I did the same thing to myself at first. I was desperate for help and the dr put me on prozac (which is what triggered my dp both times I got it) and klonopin. I felt good the first week and then just felt nothing. I had to go see a psych nurse practitioner and she decided to double my dose of prozac since I wasn't feeling anything. It made my dp insanely bad. So I had to wean off of it. I ended up trying Effexor next, which I swear to you is the liquor of Satan. It made me feel like there were two people in my head. There was me and then there was this other line of thought that was rapid and never stopped. 24 hours a day there was this jabber in my head. It drove me to the point of being suicidal. So I was admitted to the hospital for the 2nd time and tried on a couple more medications, all of which made me worse.
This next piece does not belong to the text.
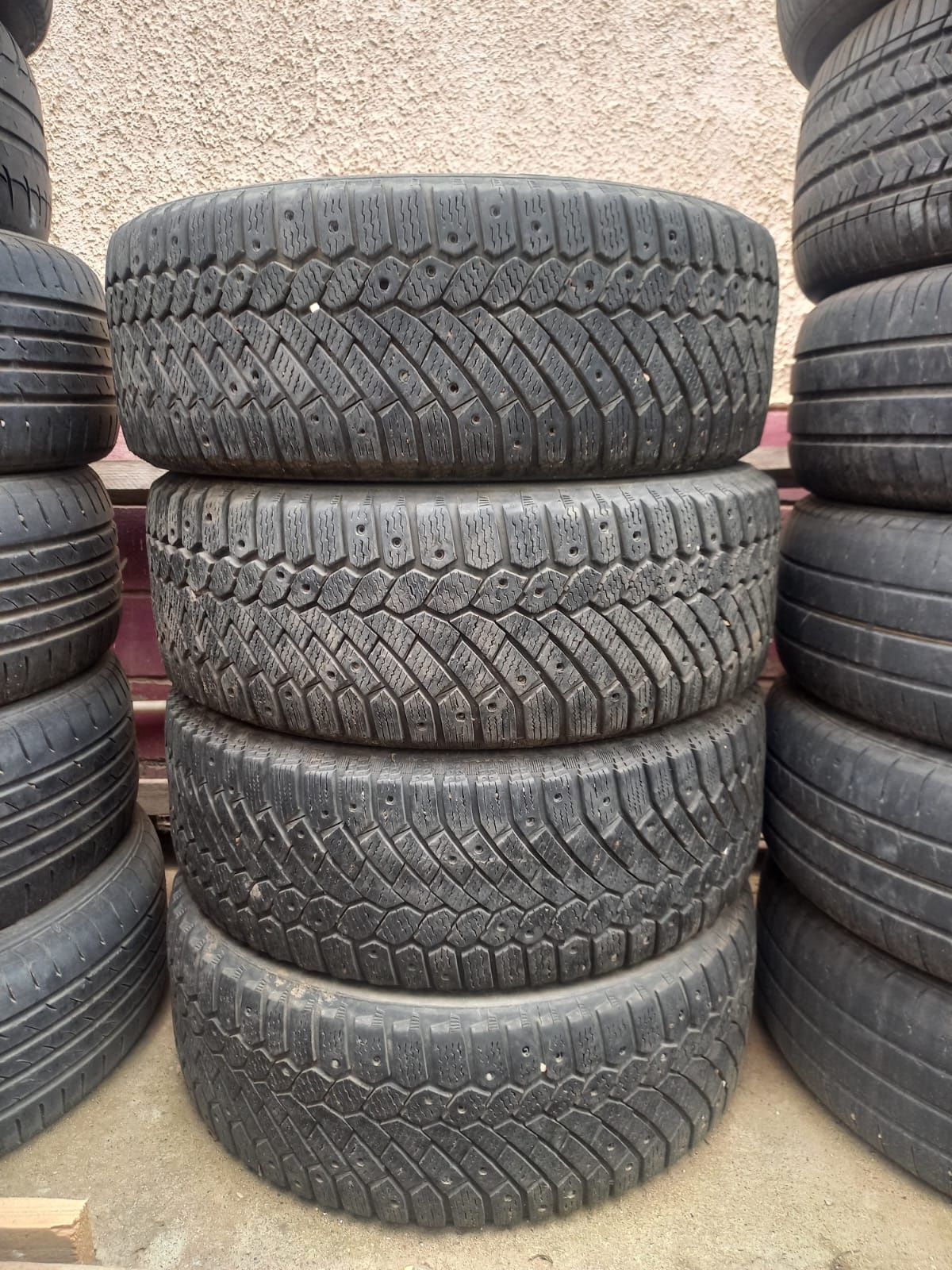 Продам зимние шины 205 55 R 16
Finally, the dr tried me on lamictal (lamotrogene)and it stopped the chatter in my head. I started to feel well again but a week later I started getting intense overawareness. The overawareness increased to the point where I felt like every thought and movement were being screamed at me. I would freak out over everything and I ended up just having to lay in my bed, in the dark, not moving. I went back to my psych nurse practitioner and she refused to let me stop. So I stopped seeing her. I went to see my regular doctor and she agreed I needed to come off of it. So I weaned off. I was in a bad place and beat myself up for going down the medication route. I did keep taking the klonopin and after enough time had passed, the meds left my system and I slowly started to get better.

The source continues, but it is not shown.